Now to solve your insert problem. Calling nextval on a sequence is guaranteed to remove this value from the sequence. If two threads call nextval several times, you can get interleaved numbers (i.e. thread 1 will see 1 3 4 7 and thread 2 will see 2 5 6 8) but you can be sure that each thread will get different numbers.
So even if you don't use the result of nextval immediately, you should be safe. As for the "absolute" insert order in the database, this might be hard to tell. For example, a DB could keep the rows in a cache before writing them to disk. The rows could be reordered to optimize disk access. But as long as you assign the results from nextval to your rows in the order in which you insert them, this shouldn't matter and they should always appear to be inserted in order.
While there may be some concept of insertion order in to a database, there is certainly no concept of retrieval order. Any rows that come back from the database will come back in whatever order the DB sees fit to return them in, and this may or may not have ANYTHING to do with the order they were inserted in to the database. Also, the order that rows are inserted in to the DB may have little to nothing related to how they are physically stored on disk.
Relying upon any order from a DB query without the use of an ORDER BY clause is folly. If you wish to be certain of any order, you need to maintain that relationship at a formal level (sequences, timestamps, whatever) in your logic when creating the records for insertion.
If the transactions are separate, you can determine this from the ora_rowscn pseudo-column for the table.
[Edit]
Some more detail, and I'll delete my answer if this is not of use - unless you created the table with the non-default "rowdependencies" clause, you'll have other rows from the block tagged with the scn, so this may be misleading. If you really want this information without an application change you'll have to rebuild the table with this clause.
Given your description of the issue you're trying to resolve, I would think that the sequences would be fine. If you have two processes that call the the same stored procedure and the second (chronological) one finishes first for some reason is that actually relevant? I would think the order in which the procedures were called (which will be reflected by the sequence (unless you're using RAC)) would be more meaningful than the order in which they were written to the database.

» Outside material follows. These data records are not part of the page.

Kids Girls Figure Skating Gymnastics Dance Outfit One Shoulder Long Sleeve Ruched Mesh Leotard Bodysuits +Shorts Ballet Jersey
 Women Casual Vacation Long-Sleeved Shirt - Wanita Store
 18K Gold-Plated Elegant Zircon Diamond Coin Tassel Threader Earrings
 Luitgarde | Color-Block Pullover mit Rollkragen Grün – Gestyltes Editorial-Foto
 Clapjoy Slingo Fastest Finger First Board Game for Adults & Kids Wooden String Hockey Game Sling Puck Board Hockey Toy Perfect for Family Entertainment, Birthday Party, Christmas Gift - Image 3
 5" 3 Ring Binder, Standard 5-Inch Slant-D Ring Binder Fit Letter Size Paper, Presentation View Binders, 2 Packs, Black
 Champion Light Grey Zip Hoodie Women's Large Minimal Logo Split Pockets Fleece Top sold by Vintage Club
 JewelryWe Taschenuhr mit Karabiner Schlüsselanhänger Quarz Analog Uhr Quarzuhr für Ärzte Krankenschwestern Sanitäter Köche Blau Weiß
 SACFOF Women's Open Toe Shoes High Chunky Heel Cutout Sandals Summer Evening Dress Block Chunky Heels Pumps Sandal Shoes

If you're really worried about the sequence the rows were inserted in, then you need to look at when the commits were issued, not when the inserts statements were issued. Otherwise you have the following scenario as a possibility:
Transaction 1 is started
Transaction 2 is started
Transaction 3 is started
Transaction 2 inserts
Transaction 1 inserts
Transaction 3 inserts
Transaction 3 commits
Transaction 1 commits
Transaction 2 commits
In this case Transaction 1 was started first, Transaction 2 inserted first, and Transaction 3 committed first. The sequence number gives you a good idea of the order in which the transactions were started. A timestamp field will give you an idea of when the inserts were issued. The only reliable way to get an order for the commits is to serialize writes to the table, which is generally a bad idea (it removes scalability).
You should (a) add the timestamp to each record, and (b) move the sequence NEXTVAL to the INSERT statement.
That way, when you query the table, you can ORDER BY timestamp, id, which will effectively be the order in which the rows were actually inserted.